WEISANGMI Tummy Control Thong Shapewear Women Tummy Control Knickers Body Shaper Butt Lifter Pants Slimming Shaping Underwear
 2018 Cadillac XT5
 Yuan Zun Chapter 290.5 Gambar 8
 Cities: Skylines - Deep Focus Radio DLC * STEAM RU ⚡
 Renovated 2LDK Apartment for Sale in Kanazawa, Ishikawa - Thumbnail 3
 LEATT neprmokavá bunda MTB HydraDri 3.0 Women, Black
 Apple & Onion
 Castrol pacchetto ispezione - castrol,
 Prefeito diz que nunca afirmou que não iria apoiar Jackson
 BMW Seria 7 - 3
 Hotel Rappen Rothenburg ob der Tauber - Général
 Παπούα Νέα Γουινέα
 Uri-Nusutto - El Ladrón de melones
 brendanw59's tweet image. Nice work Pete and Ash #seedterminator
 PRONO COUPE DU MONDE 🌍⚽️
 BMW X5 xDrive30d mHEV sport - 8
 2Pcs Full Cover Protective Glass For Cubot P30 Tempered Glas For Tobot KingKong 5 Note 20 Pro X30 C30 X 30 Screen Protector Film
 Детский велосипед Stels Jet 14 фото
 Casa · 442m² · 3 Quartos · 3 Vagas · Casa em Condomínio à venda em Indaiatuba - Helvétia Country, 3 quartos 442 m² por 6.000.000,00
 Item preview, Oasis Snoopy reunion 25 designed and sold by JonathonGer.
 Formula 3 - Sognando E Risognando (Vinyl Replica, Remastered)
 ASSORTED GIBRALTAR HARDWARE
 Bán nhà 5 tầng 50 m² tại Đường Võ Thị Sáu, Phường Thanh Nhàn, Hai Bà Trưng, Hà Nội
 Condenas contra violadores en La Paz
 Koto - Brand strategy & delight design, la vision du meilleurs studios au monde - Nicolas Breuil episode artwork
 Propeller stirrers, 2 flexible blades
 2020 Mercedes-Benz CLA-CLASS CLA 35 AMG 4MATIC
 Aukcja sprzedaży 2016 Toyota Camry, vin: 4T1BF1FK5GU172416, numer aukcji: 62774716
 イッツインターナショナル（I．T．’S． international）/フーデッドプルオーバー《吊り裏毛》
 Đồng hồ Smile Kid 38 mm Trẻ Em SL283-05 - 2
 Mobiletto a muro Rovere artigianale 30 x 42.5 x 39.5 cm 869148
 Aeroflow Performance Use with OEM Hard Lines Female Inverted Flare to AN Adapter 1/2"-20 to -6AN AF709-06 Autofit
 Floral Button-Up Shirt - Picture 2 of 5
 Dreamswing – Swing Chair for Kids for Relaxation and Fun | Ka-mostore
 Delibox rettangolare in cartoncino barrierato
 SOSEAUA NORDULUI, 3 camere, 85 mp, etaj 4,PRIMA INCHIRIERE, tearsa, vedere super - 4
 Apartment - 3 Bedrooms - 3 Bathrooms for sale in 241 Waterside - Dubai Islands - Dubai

━━━━━━━━━━━━━━━━━━━━━━━━━━━━━━

Exercise goal: When you restate the listing, keep each line identical to the original.

Response area:
WEISANGMI Tummy Control Thong Shapewear Women Tummy Control Knickers Body Shaper Butt Lifter Pants Slimming Shaping Underwear
 2018 Cadillac XT5
 Yuan Zun Chapter 290.5 Gambar 8
 Cities: Skylines - Deep Focus Radio DLC * STEAM RU ⚡
 Renovated 2LDK Apartment for Sale in Kanazawa, Ishikawa - Thumbnail 3
 LEATT neprmokavá bunda MTB HydraDri 3.0 Women, Black
 Apple & Onion
 Castrol pacchetto ispezione - castrol,
 Prefeito diz que nunca afirmou que não iria apoiar Jackson
 BMW Seria 7 - 3
 Hotel Rappen Rothenburg ob der Tauber - Général
 Παπούα Νέα Γουινέα
 Uri-Nusutto - El Ladrón de melones
 brendanw59's tweet image. Nice work Pete and Ash #seedterminator
 PRONO COUPE DU MONDE 🌍⚽️
 BMW X5 xDrive30d mHEV sport - 8
 2Pcs Full Cover Protective Glass For Cubot P30 Tempered Glas For Tobot KingKong 5 Note 20 Pro X30 C30 X 30 Screen Protector Film
 Детский велосипед Stels Jet 14 фото
 Casa · 442m² · 3 Quartos · 3 Vagas · Casa em Condomínio à venda em Indaiatuba - Helvétia Country, 3 quartos 442 m² por 6.000.000,00
 Item preview, Oasis Snoopy reunion 25 designed and sold by JonathonGer.
 Formula 3 - Sognando E Risognando (Vinyl Replica, Remastered)
 ASSORTED GIBRALTAR HARDWARE
 Bán nhà 5 tầng 50 m² tại Đường Võ Thị Sáu, Phường Thanh Nhàn, Hai Bà Trưng, Hà Nội
 Condenas contra violadores en La Paz
 Koto - Brand strategy & delight design, la vision du meilleurs studios au monde - Nicolas Breuil episode artwork
 Propeller stirrers, 2 flexible blades
 2020 Mercedes-Benz CLA-CLASS CLA 35 AMG 4MATIC
 Aukcja sprzedaży 2016 Toyota Camry, vin: 4T1BF1FK5GU172416, numer aukcji: 62774716
 イッツインターナショナル（I．T．’S． international）/フーデッドプルオーバー《吊り裏毛》
 Đồng hồ Smile Kid 38 mm Trẻ Em SL283-05 - 2
 Mobiletto a muro Rovere artigianale 30 x 42.5 x 39.5 cm 869148
 Aeroflow Performance Use with OEM Hard Lines Female Inverted Flare to AN Adapter 1/2"-20 to -6AN AF709-06 Autofit
 Floral Button-Up Shirt - Picture 2 of 5
 Dreamswing – Swing Chair for Kids for Relaxation and Fun | Ka-mostore
 Delibox rettangolare in cartoncino barrierato
 SOSEAUA NORDULUI, 3 camere, 85 mp, etaj 4,PRIMA INCHIRIERE, tearsa, vedere super - 4
 Apartment - 3 Bedrooms - 3 Bathrooms for sale in 241 Waterside - Dubai Islands - Dubai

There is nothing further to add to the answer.